*** Extracted material Section Begins ***

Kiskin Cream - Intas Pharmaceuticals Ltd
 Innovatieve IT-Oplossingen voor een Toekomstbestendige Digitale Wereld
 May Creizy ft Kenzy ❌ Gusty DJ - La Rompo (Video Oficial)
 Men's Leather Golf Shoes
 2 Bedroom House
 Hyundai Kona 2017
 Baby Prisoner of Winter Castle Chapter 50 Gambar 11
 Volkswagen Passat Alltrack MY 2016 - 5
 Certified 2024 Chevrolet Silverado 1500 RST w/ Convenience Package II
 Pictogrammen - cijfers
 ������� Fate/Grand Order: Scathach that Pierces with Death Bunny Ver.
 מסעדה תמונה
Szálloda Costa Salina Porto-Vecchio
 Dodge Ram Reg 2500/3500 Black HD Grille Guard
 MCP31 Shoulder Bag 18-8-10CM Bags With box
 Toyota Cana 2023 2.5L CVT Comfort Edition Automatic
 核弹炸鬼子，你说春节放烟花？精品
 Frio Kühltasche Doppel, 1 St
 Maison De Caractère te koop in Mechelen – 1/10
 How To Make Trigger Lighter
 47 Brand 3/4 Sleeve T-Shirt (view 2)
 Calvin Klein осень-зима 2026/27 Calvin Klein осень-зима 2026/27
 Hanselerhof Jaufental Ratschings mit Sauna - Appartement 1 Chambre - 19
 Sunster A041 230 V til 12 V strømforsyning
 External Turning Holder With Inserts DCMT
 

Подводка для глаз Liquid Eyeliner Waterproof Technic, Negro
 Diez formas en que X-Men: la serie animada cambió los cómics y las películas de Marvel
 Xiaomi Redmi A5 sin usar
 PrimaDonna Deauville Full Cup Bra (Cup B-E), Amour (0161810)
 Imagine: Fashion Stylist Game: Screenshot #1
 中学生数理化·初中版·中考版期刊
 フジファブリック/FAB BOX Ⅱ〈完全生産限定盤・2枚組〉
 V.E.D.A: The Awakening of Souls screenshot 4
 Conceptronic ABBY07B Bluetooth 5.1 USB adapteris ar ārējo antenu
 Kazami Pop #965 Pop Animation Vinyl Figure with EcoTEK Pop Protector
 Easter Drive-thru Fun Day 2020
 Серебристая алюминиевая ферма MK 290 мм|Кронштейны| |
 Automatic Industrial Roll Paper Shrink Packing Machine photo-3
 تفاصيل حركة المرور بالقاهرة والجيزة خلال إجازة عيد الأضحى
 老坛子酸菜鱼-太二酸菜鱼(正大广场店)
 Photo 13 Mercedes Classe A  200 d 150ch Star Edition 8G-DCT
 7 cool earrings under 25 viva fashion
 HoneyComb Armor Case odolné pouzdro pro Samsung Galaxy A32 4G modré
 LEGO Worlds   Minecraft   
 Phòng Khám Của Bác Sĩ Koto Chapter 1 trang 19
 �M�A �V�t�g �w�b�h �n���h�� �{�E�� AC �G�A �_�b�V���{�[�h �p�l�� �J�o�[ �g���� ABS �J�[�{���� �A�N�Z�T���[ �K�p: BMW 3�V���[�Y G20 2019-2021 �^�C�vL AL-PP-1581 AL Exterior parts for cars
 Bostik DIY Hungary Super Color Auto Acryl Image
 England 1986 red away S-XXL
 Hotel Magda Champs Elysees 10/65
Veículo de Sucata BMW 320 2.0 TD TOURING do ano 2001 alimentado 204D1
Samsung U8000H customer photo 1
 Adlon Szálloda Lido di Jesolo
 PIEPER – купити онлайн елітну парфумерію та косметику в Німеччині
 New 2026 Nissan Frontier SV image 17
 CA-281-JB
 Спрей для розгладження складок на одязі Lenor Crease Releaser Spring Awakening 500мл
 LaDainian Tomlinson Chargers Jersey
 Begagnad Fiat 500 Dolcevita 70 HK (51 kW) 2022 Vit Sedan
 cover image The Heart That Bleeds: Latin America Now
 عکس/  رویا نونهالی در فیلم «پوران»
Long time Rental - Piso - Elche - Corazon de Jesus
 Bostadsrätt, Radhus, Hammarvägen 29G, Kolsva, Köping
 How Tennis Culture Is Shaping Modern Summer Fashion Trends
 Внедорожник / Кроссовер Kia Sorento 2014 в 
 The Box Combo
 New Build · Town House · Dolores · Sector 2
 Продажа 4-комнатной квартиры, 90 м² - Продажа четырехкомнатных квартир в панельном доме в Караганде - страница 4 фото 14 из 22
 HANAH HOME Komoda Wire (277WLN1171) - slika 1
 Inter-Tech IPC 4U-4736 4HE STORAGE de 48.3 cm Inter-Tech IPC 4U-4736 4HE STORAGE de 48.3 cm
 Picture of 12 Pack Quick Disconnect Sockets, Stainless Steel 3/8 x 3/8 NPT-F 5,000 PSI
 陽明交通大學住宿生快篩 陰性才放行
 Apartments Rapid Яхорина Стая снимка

*** Extracted material Section Ends ***

▸ **What you need to do**
Each line above should appear again, reproduced exactly.

▸ **Solution**
Kiskin Cream - Intas Pharmaceuticals Ltd
 Innovatieve IT-Oplossingen voor een Toekomstbestendige Digitale Wereld
 May Creizy ft Kenzy ❌ Gusty DJ - La Rompo (Video Oficial)
 Men's Leather Golf Shoes
 2 Bedroom House
 Hyundai Kona 2017
 Baby Prisoner of Winter Castle Chapter 50 Gambar 11
 Volkswagen Passat Alltrack MY 2016 - 5
 Certified 2024 Chevrolet Silverado 1500 RST w/ Convenience Package II
 Pictogrammen - cijfers
 ������� Fate/Grand Order: Scathach that Pierces with Death Bunny Ver.
 מסעדה תמונה
Szálloda Costa Salina Porto-Vecchio
 Dodge Ram Reg 2500/3500 Black HD Grille Guard
 MCP31 Shoulder Bag 18-8-10CM Bags With box
 Toyota Cana 2023 2.5L CVT Comfort Edition Automatic
 核弹炸鬼子，你说春节放烟花？精品
 Frio Kühltasche Doppel, 1 St
 Maison De Caractère te koop in Mechelen – 1/10
 How To Make Trigger Lighter
 47 Brand 3/4 Sleeve T-Shirt (view 2)
 Calvin Klein осень-зима 2026/27 Calvin Klein осень-зима 2026/27
 Hanselerhof Jaufental Ratschings mit Sauna - Appartement 1 Chambre - 19
 Sunster A041 230 V til 12 V strømforsyning
 External Turning Holder With Inserts DCMT
 

Подводка для глаз Liquid Eyeliner Waterproof Technic, Negro
 Diez formas en que X-Men: la serie animada cambió los cómics y las películas de Marvel
 Xiaomi Redmi A5 sin usar
 PrimaDonna Deauville Full Cup Bra (Cup B-E), Amour (0161810)
 Imagine: Fashion Stylist Game: Screenshot #1
 中学生数理化·初中版·中考版期刊
 フジファブリック/FAB BOX Ⅱ〈完全生産限定盤・2枚組〉
 V.E.D.A: The Awakening of Souls screenshot 4
 Conceptronic ABBY07B Bluetooth 5.1 USB adapteris ar ārējo antenu
 Kazami Pop #965 Pop Animation Vinyl Figure with EcoTEK Pop Protector
 Easter Drive-thru Fun Day 2020
 Серебристая алюминиевая ферма MK 290 мм|Кронштейны| |
 Automatic Industrial Roll Paper Shrink Packing Machine photo-3
 تفاصيل حركة المرور بالقاهرة والجيزة خلال إجازة عيد الأضحى
 老坛子酸菜鱼-太二酸菜鱼(正大广场店)
 Photo 13 Mercedes Classe A  200 d 150ch Star Edition 8G-DCT
 7 cool earrings under 25 viva fashion
 HoneyComb Armor Case odolné pouzdro pro Samsung Galaxy A32 4G modré
 LEGO Worlds   Minecraft   
 Phòng Khám Của Bác Sĩ Koto Chapter 1 trang 19
 �M�A �V�t�g �w�b�h �n���h�� �{�E�� AC �G�A �_�b�V���{�[�h �p�l�� �J�o�[ �g���� ABS �J�[�{���� �A�N�Z�T���[ �K�p: BMW 3�V���[�Y G20 2019-2021 �^�C�vL AL-PP-1581 AL Exterior parts for cars
 Bostik DIY Hungary Super Color Auto Acryl Image
 England 1986 red away S-XXL
 Hotel Magda Champs Elysees 10/65
Veículo de Sucata BMW 320 2.0 TD TOURING do ano 2001 alimentado 204D1
Samsung U8000H customer photo 1
 Adlon Szálloda Lido di Jesolo
 PIEPER – купити онлайн елітну парфумерію та косметику в Німеччині
 New 2026 Nissan Frontier SV image 17
 CA-281-JB
 Спрей для розгладження складок на одязі Lenor Crease Releaser Spring Awakening 500мл
 LaDainian Tomlinson Chargers Jersey
 Begagnad Fiat 500 Dolcevita 70 HK (51 kW) 2022 Vit Sedan
 cover image The Heart That Bleeds: Latin America Now
 عکس/  رویا نونهالی در فیلم «پوران»
Long time Rental - Piso - Elche - Corazon de Jesus
 Bostadsrätt, Radhus, Hammarvägen 29G, Kolsva, Köping
 How Tennis Culture Is Shaping Modern Summer Fashion Trends
 Внедорожник / Кроссовер Kia Sorento 2014 в 
 The Box Combo
 New Build · Town House · Dolores · Sector 2
 Продажа 4-комнатной квартиры, 90 м² - Продажа четырехкомнатных квартир в панельном доме в Караганде - страница 4 фото 14 из 22
 HANAH HOME Komoda Wire (277WLN1171) - slika 1
 Inter-Tech IPC 4U-4736 4HE STORAGE de 48.3 cm Inter-Tech IPC 4U-4736 4HE STORAGE de 48.3 cm
 Picture of 12 Pack Quick Disconnect Sockets, Stainless Steel 3/8 x 3/8 NPT-F 5,000 PSI
 陽明交通大學住宿生快篩 陰性才放行
 Apartments Rapid Яхорина Стая снимка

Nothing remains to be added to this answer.